## Aim of the exercise
Could you copy exactly the lines below from the one with "Бесплатное фото Этнический" to the one with "spring in mountains.", inclusive, leaving out any pictures?

## Information given
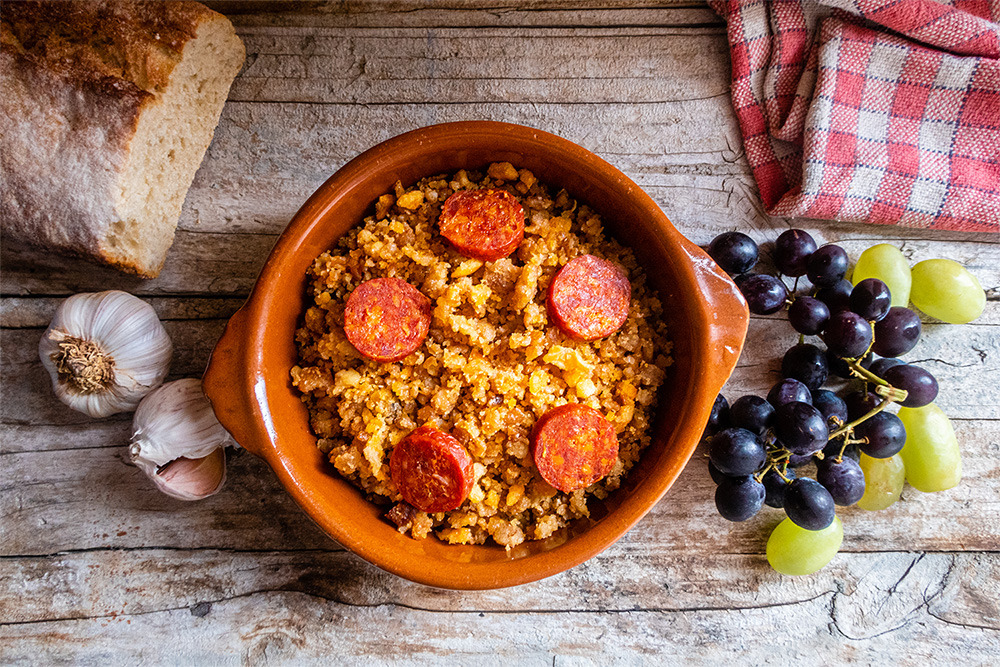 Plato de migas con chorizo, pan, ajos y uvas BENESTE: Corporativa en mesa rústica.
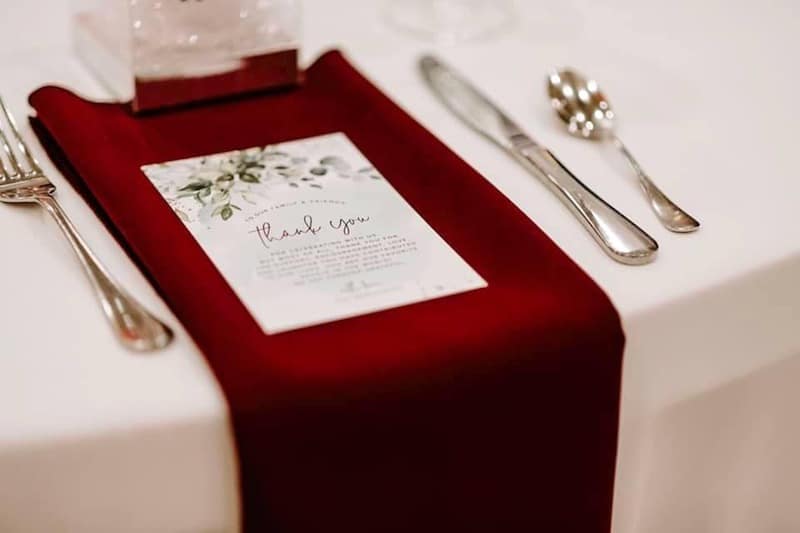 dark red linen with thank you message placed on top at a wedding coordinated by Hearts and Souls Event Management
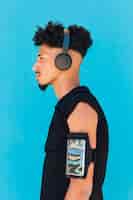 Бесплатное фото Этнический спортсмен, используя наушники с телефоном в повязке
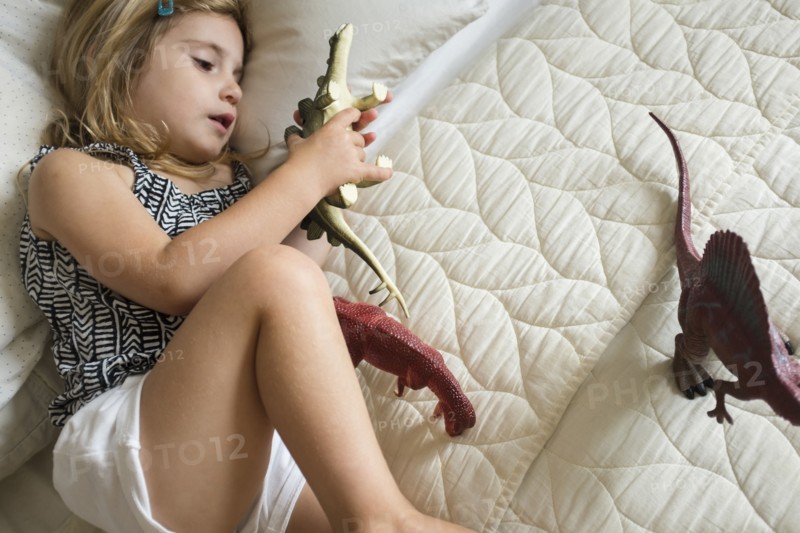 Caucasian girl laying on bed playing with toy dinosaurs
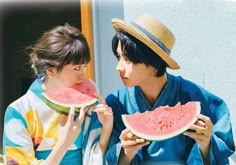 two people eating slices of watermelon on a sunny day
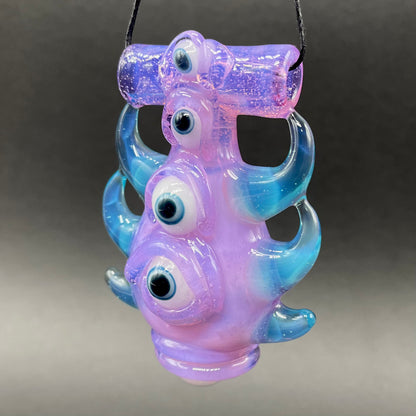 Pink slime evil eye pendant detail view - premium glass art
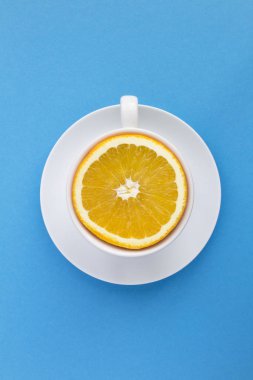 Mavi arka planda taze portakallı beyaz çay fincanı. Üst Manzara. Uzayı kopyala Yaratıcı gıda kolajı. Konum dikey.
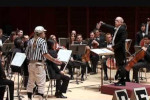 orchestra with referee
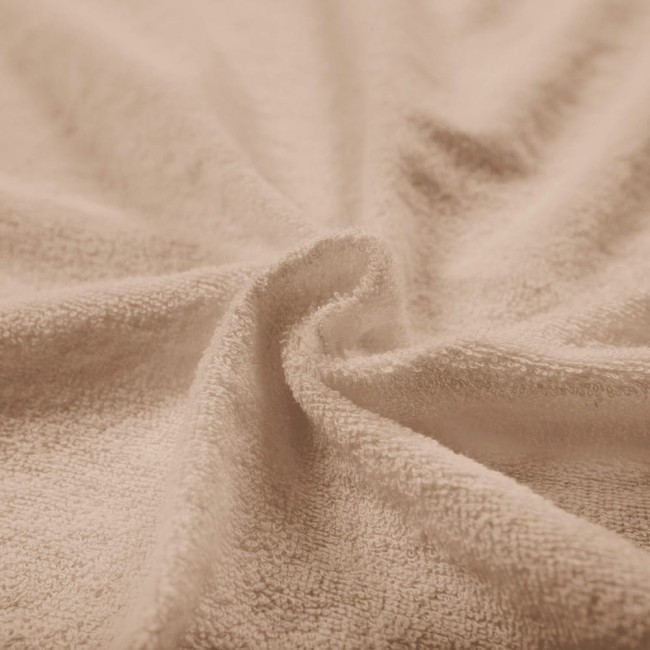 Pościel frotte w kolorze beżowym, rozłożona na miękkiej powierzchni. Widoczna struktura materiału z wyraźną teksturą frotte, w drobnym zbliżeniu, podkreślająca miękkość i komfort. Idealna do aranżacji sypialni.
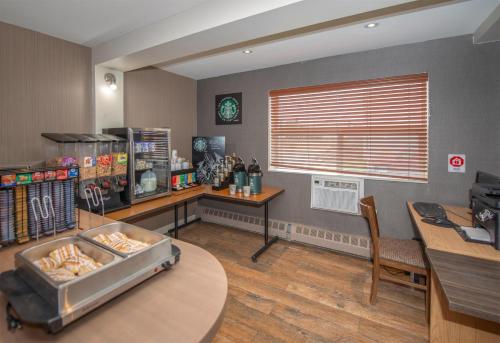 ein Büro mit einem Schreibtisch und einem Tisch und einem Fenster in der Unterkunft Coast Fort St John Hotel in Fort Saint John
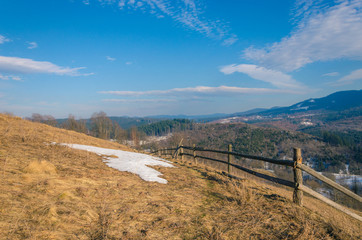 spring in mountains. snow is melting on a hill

...

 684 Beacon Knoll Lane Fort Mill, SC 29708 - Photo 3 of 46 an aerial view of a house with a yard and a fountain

## Exercise solution
 Бесплатное фото Этнический спортсмен, используя наушники с телефоном в повязке
 Caucasian girl laying on bed playing with toy dinosaurs
 two people eating slices of watermelon on a sunny day
 Pink slime evil eye pendant detail view - premium glass art
 Mavi arka planda taze portakallı beyaz çay fincanı. Üst Manzara. Uzayı kopyala Yaratıcı gıda kolajı. Konum dikey.
 orchestra with referee
 Pościel frotte w kolorze beżowym, rozłożona na miękkiej powierzchni. Widoczna struktura materiału z wyraźną teksturą frotte, w drobnym zbliżeniu, podkreślająca miękkość i komfort. Idealna do aranżacji sypialni.
 ein Büro mit einem Schreibtisch und einem Tisch und einem Fenster in der Unterkunft Coast Fort St John Hotel in Fort Saint John
 spring in mountains. snow is melting on a hill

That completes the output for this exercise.